The new site is being looked into by Hampshire Cultural Trust (HCT), the organisation that looks after the county’s historical and cultural artifacts, and would celebrate the city’s Anglo-Saxon heritage.

It would follow any archaeological work carried out under the city council’s Silver Hill 2 scheme, officially known as the Central Winchester Regeneration (CWR) project.

A spokesman for HCT told the Hampshire Chronicle: “Winchester is one of our finest English cities. It is the ancient capital of England established by King Alfred as the centre of his kingdom of Wessex.
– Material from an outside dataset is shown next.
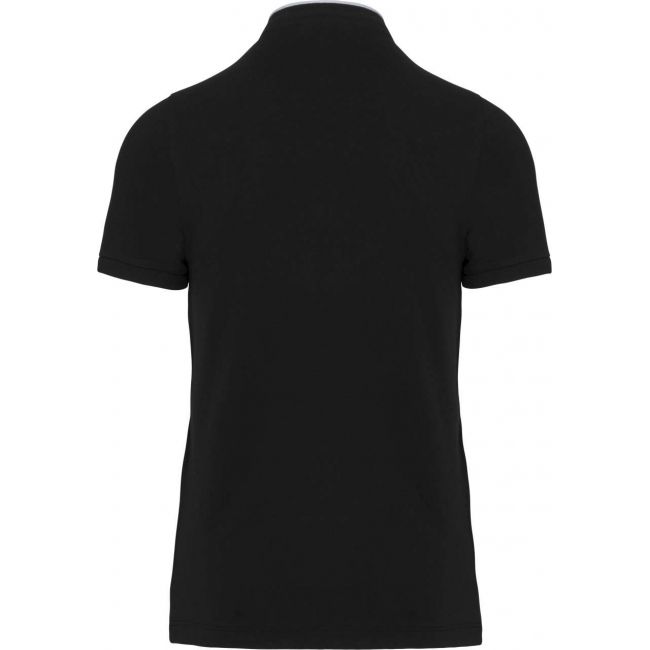 Men's short sleeve polo shirt with mandarin collar culoare black/oxford grey marimea xs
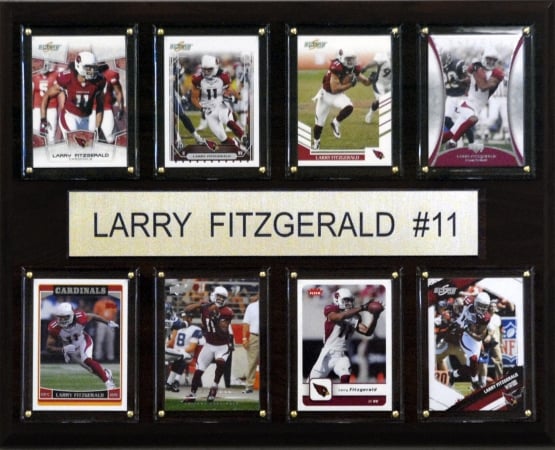 Picture of C & I Collectables 1215FITZ8C NFL Larry Fitzgerald Arizona Cardinals 8 Card Plaque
It is where the creation of Anglo-Saxon England began.

“This story of England’s lost capital is one of international importance that needs to be told and celebrated.

“Our intention is to connect Winchester’s outstanding heritage offer and create a new immersive museum experience where stories come together and are brought to life for the community and the many tourists who come to our city.
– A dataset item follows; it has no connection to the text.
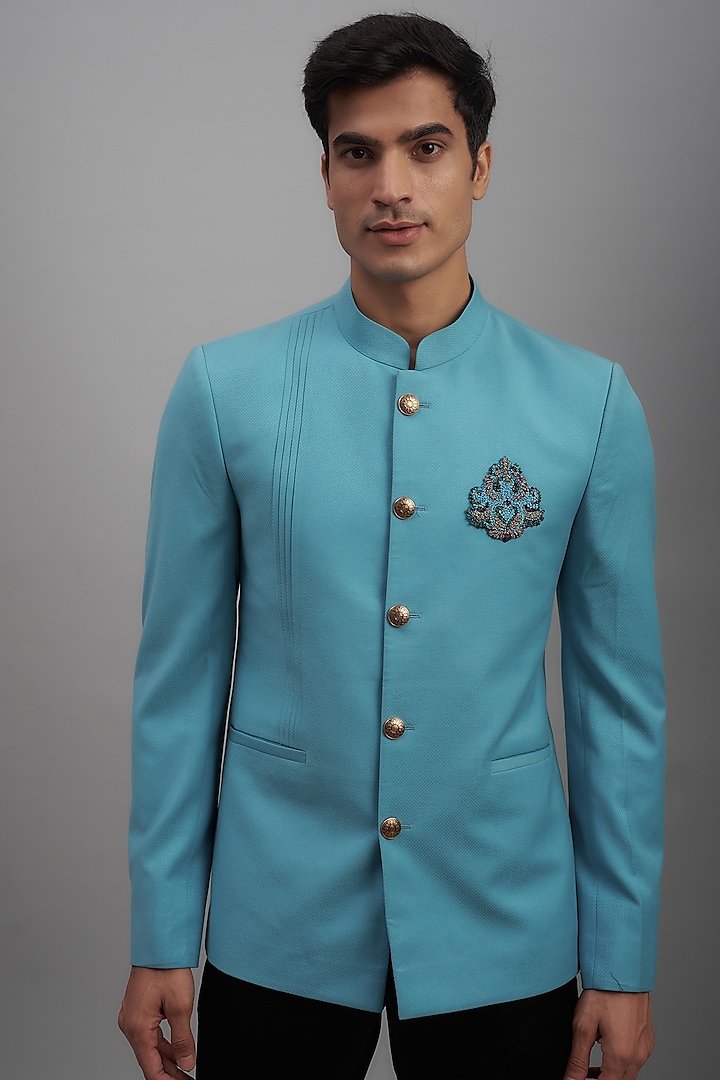 Turquoise Blue Terry Rayon Bandhgala Jacket by SUHAIL HAFEEZ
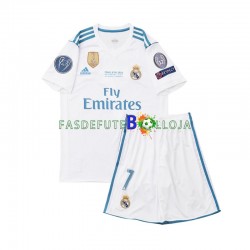 Camisola 1º Equipamento Real Madrid Cristiano Ronaldo 7 2017 Manga Curta Retro ,Criança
“The excavated archaeology and that which remains hidden underneath the city streets are the most important elements of this story. The proposed new museum provides us with the opportunity to reveal and share this with everyone.
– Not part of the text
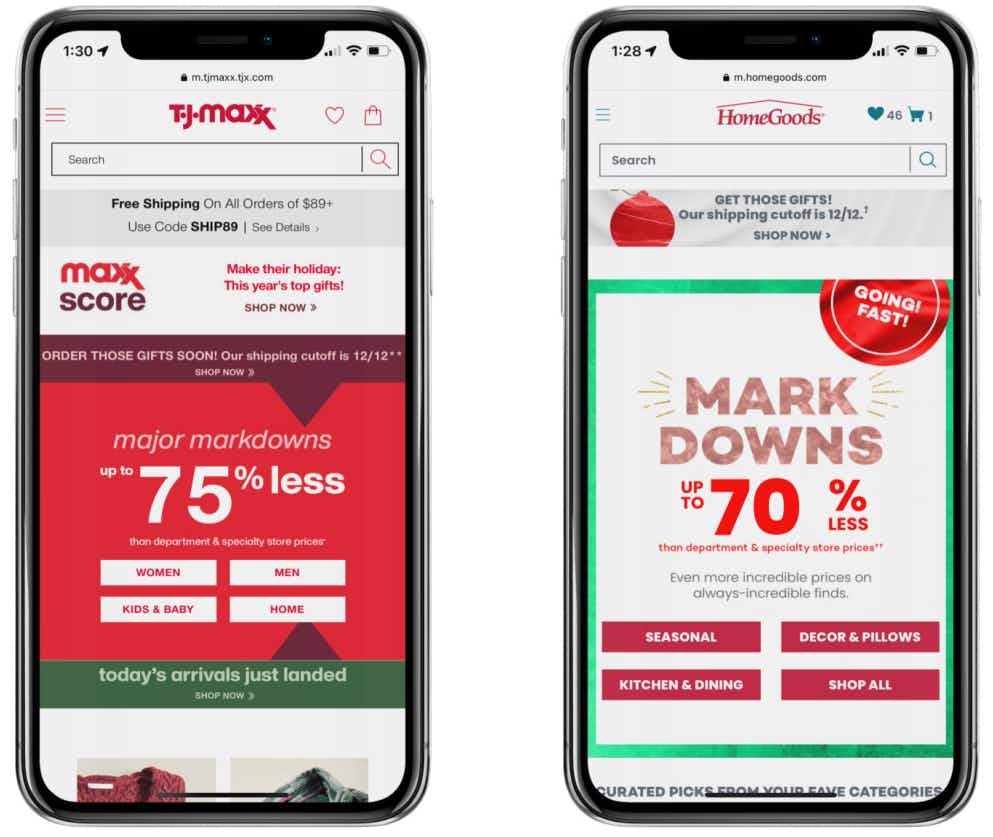 two iphones showing the homepage for TJMaxx.com and the other showing the HomeGoods.com homepage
“Our aim is to undertake a professionally run archaeological excavation during construction which will involve local communities, schools and universities across the city.”

The subject of archaeology has been a hotly debated topic within the wider regeneration scheme.

As previously reported, a row broke out in the spring following the release of a report from the newly formed Archaeology Advisory Panel.

The report advised against digging in the city centre due to the risk of damaging historically important material.

The report was defended by panel chairman and renowned expert Prof Martin Biddle, who said suggestions of digging up the area “impractical and ill-informed”.

After its release, nearly 120 people, including city councillor Kim Gottlieb and General Sir Antony Walker, chairman of the Winchester Deserves Better campaign, signed a letter calling for the site’s archaeology to be “properly excavated and evaluated”.

Details of the possible new museum are few and far between due to the early stage of the proposal, which was revealed to the Chronicle by city council leader Caroline Horrill.

Cllr Horrill confirmed the museum would be based in the CWR area, adding: “We will be supporting a museum on the site.”

That’s despite the River Park Leisure Centre site becoming available for development within the next few years. It had previously been suggested that the site could have a cultural use, whether that be an arts venue or museum, when the new leisure centre is built in Bar End.

The CWR area covers 4.5 hectares of land at the bottom of High Street and encompasses Upper Brook Street to the west, Friarsgate and Middle Brook Street car park to the North, St John’s Almshouses and Lower Brook stream to the east and the Broadway and lower High Street to the south.

A spokesman for HCT confirmed the city’s existing museums, such as the City Museum on The Square, the oldest purpose-built museum in the country, would not be impacted.